3. Aux termes de l’article L. 425-10 du code de l’entrée et du séjour des étrangers et du droit d’asile : « Les parents étrangers de l'étranger mineur qui remplit les conditions prévues à l'article L. 425-9, ou l'étranger titulaire d'un jugement lui ayant conféré l'exercice de l'autorité parentale sur ce mineur, se voient délivrer, sous réserve qu'ils justifient résider habituellement en France avec lui et subvenir à son entretien et à son éducation, une autorisation provisoire de séjour d'une durée maximale de six mois. La condition prévue à l'article L. 412-1 n'est pas opposable. / (…) / Elle est délivrée par l'autorité administrative, après avis d'un collège de médecins du service médical de l'Office français de l'immigration et de l'intégration, dans les conditions prévues à l'article L. 425-9. » Aux termes de l’article L. 425-9 du même code : « L'étranger, résidant habituellement en France, dont l'état de santé nécessite une prise en charge médicale dont le défaut pourrait avoir pour lui des conséquences d'une exceptionnelle gravité et qui, eu égard à l'offre de soins et aux caractéristiques du système de santé dans le pays dont il est originaire, ne pourrait pas y bénéficier effectivement d'un traitement approprié, se voit délivrer une carte de séjour temporaire portant la mention " vie privée et familiale " d'une durée d'un an. (…) La décision de délivrer cette carte de séjour est prise par l'autorité administrative après avis d'un collège de médecins du service médical de l'Office français de l'immigration et de l'intégration, dans des conditions définies par décret en Conseil d'Etat. (…) »

4. Il résulte des termes de l’arrêté contesté que la demande présentée par Mme A... a fait l’objet d’un avis défavorable émis par le collège des médecins de l’Office français de l’immigration le 13 décembre 2024, selon lequel si l’état de santé de l’enfant Andoullah Mohamadi El-Anrif nécessite une prise en charge médicale, le défaut de prise en charge ne devrait pas entrainer des conséquences d’une exceptionnelle gravité, son état de santé lui permettant de voyager sans risque vers son pays d’origine.

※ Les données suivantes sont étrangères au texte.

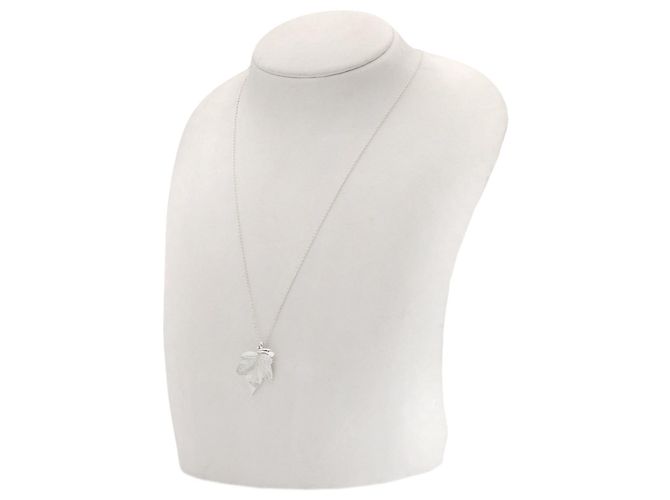 Tiffany & Co. Halskette mit Blattmotiv - Ansicht 4
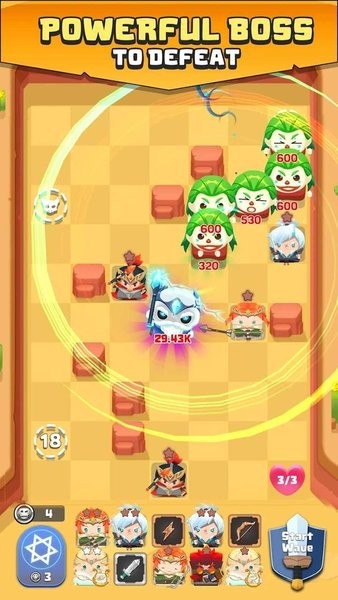 立方体后卫最新版(Cube Defender)截图1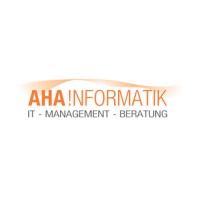 AHA!NFORMATIK GmbH Logo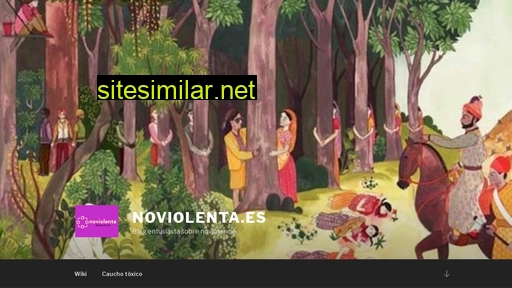 noviolenta.es alternative sites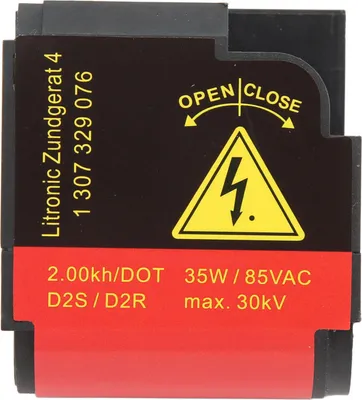 Obrázok produktu pre Predradník zapaľovania xenónových HID svetlometov D2S D2R držiak žiarovky 1307329076 Náhrada pre Cooper R50 R52 R53 2004-2007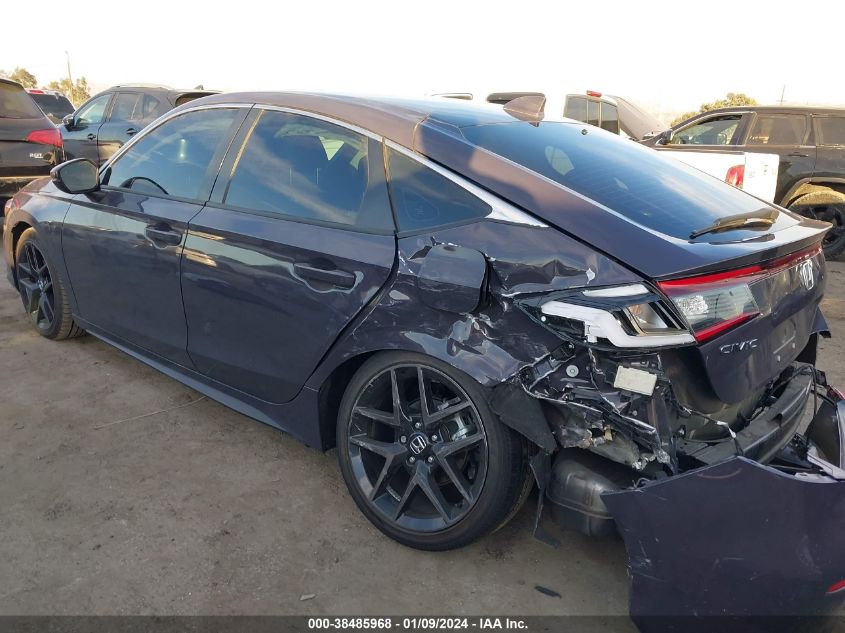 2023 HONDA CIVIC SPORT TOURING - 19XFL1H84PE001624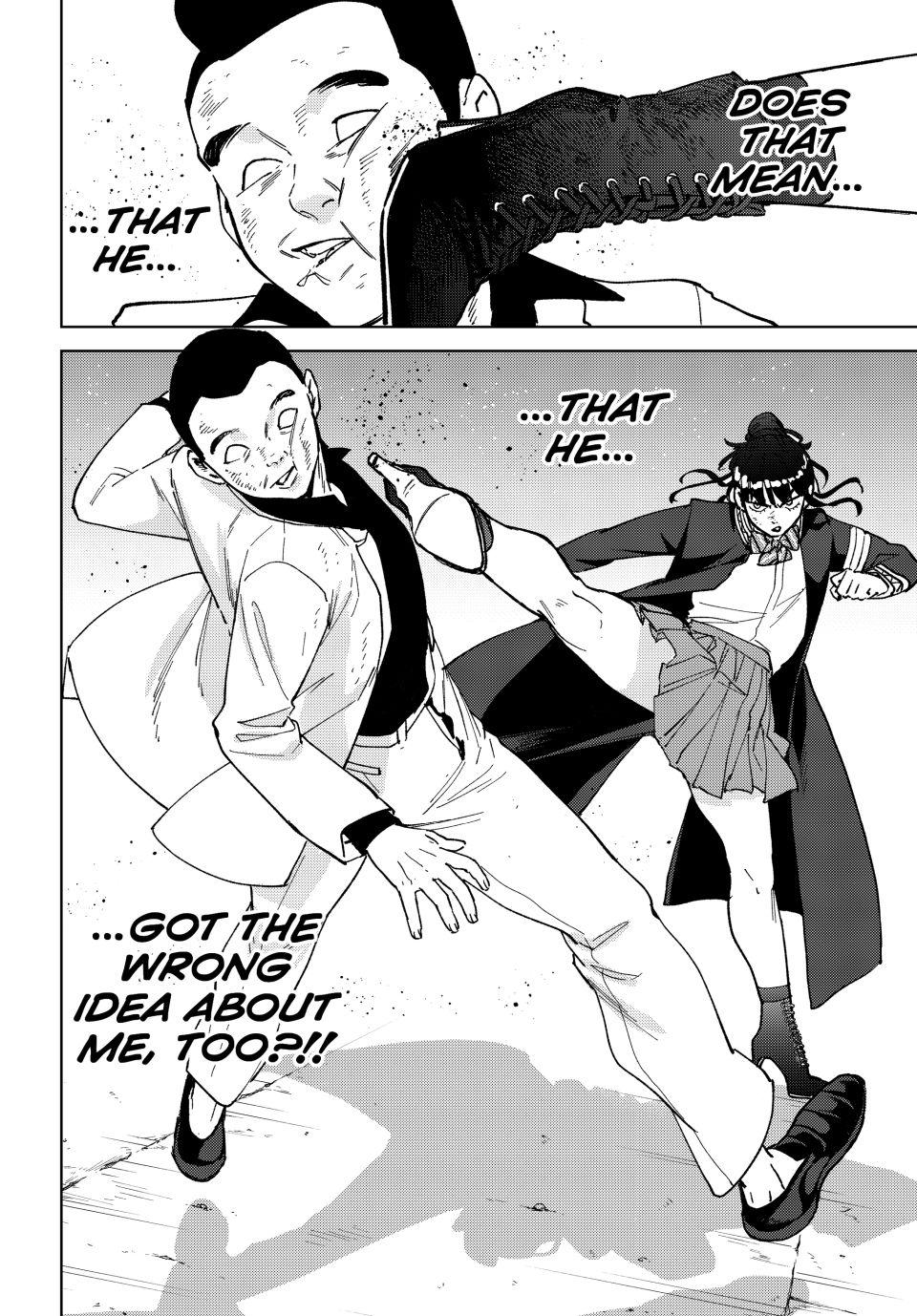 Wind Breaker (NII Satoru) Chap 122 - Next Chap 123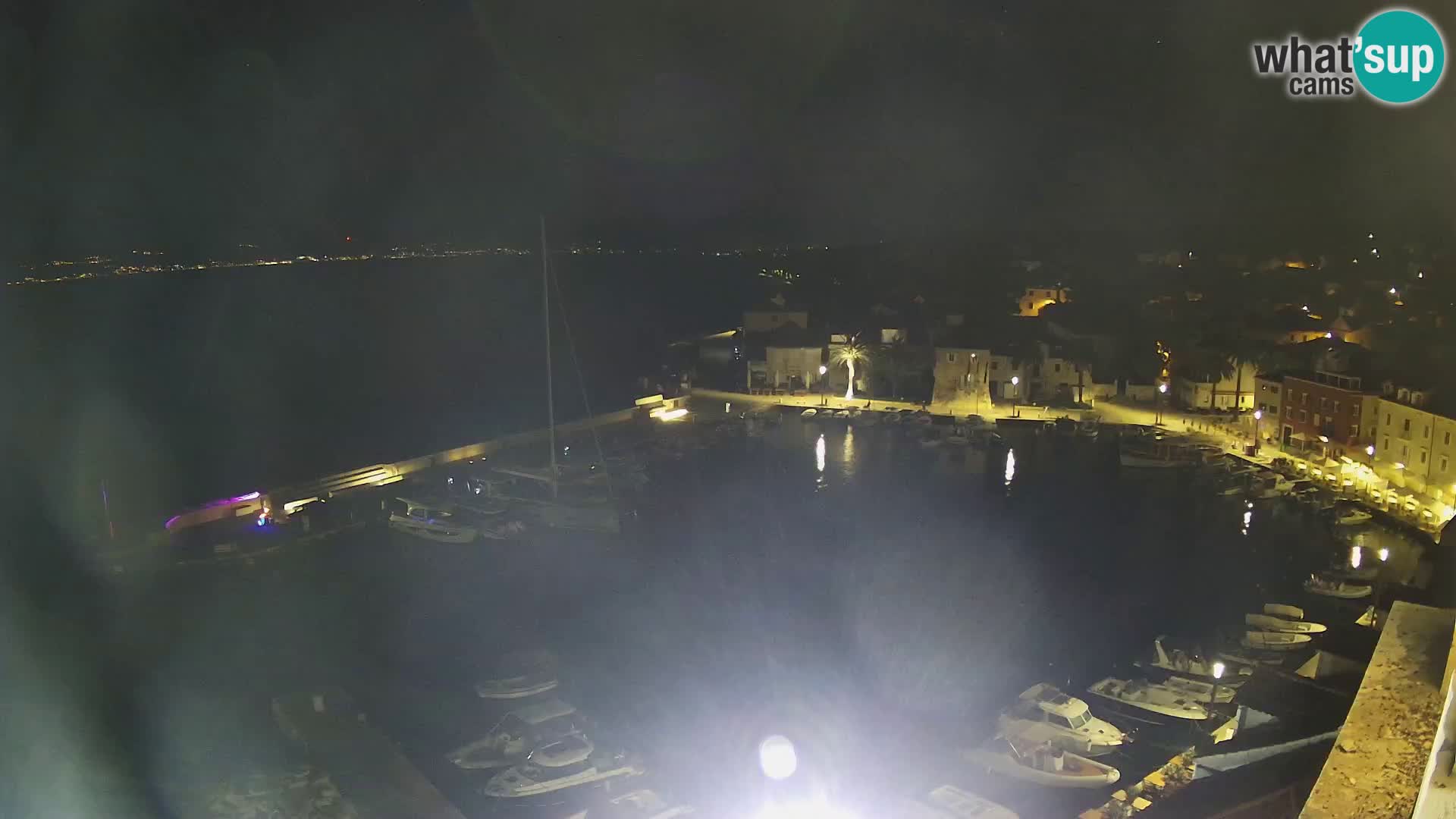 Webcam Sutivan panorama – Vista live dall’isola di Brač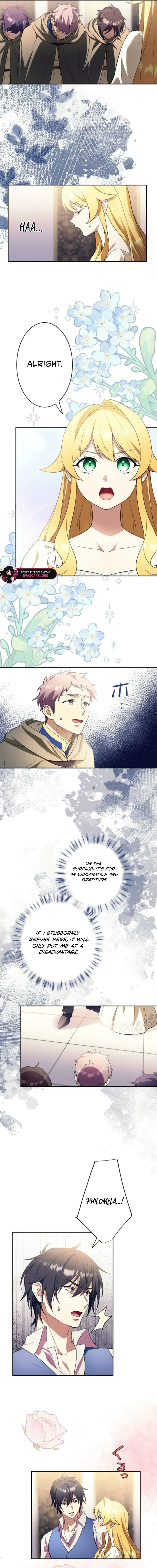 The False Saintess Overturns Her Fate Chapter 63 Online - página 5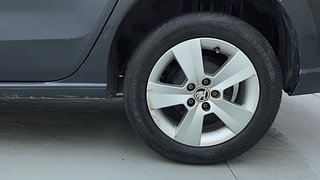 Used 2019 Skoda Rapid new [2016-2020] Ambition TDI AT Diesel Automatic tyres LEFT REAR TYRE RIM VIEW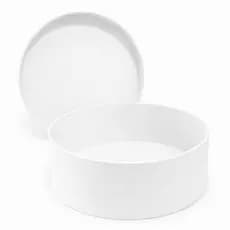 Kit 16 Caixas Redonda 25x25x10 MDF com Tampa – Perfeita para Cesta de Café da Manhã e Presentes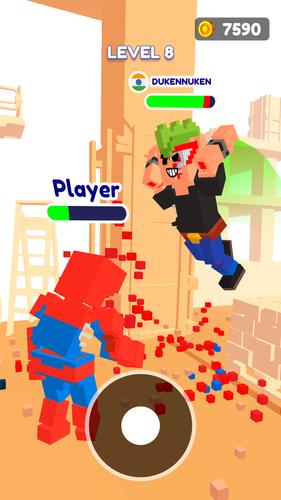 Block Ragdoll Fight ဖန်သားပြင်ဓာတ်ပုံ 4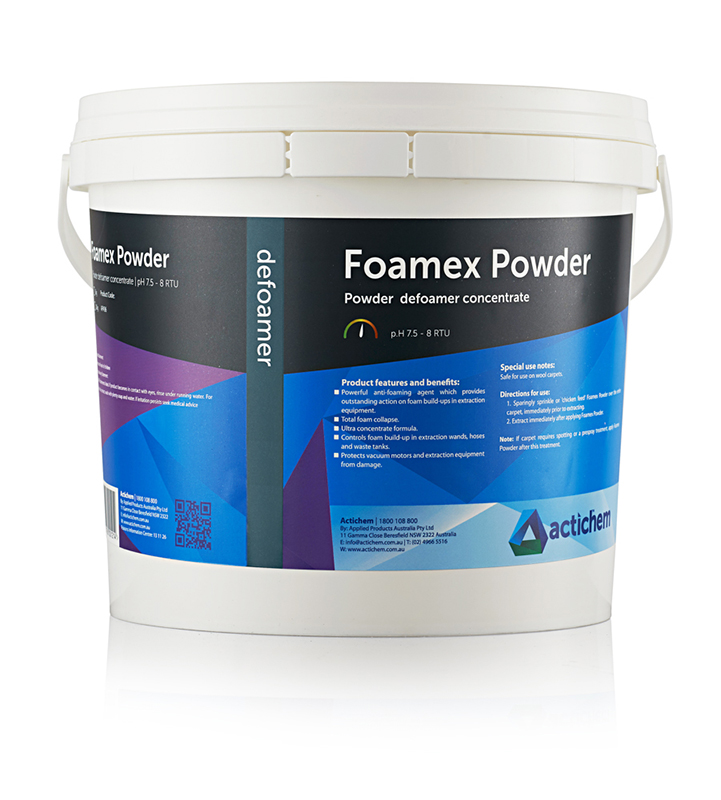Actichem Foamex Powder Defoamer Concentrate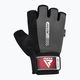 RDX Gym Workout Gloves W1 grey 2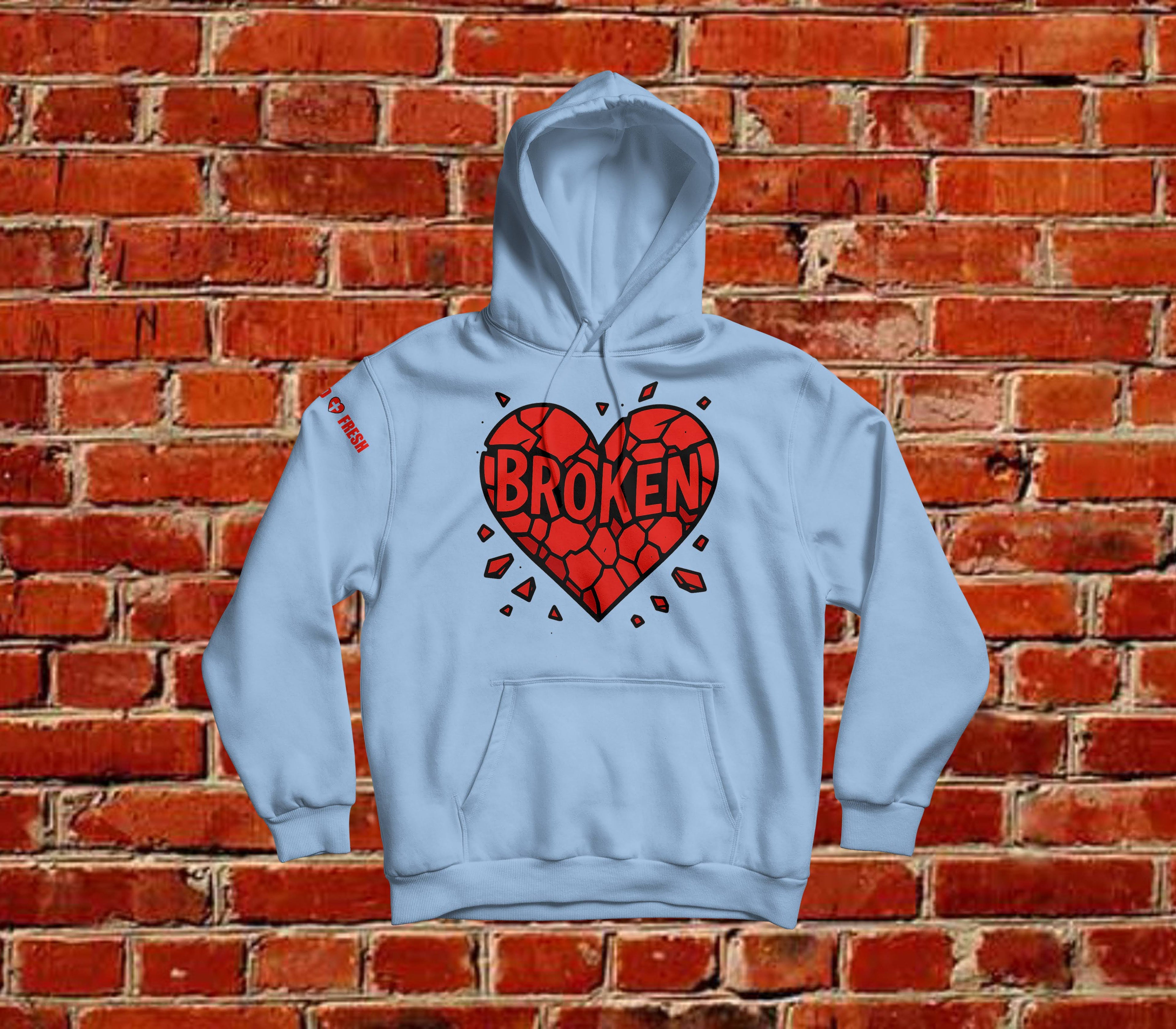 GOD HEALS THE BROKEN HEARTED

5. En l’état de l’instruction, aucun des moyens visés ci-dessus invoqués par Mme A... n’est de nature à créer un doute sérieux quant à la légalité de l’arrêté litigieux. Dès lors, et sans qu’il soit besoin de se prononcer sur la condition relative à l’urgence, il y a lieu, par application des dispositions précitées de l’article L. 522-3 du code de justice administrative, de rejeter les conclusions de Mme A... aux fins de suspension de l’exécution de cet arrêté, ensemble ses conclusions aux fins d’injonction.


O R D O N N E :


Article 1er : La requête de Mme A... est rejetée.

Article 2 : La présente ordonnance sera notifiée à Mme B... A....

Copie en sera transmise pour information au préfet de Mayotte.

Fait à Mamoudzou, le 16 octobre 2025.


La juge des référés,



A. BLIN


La République mande et ordonne au préfet de Mayotte en ce qui le concerne ou à tous commissaires de justice à ce requis en ce qui concerne les voies de droit commun contre les parties privées, de pourvoir à l'exécution de la présente décision.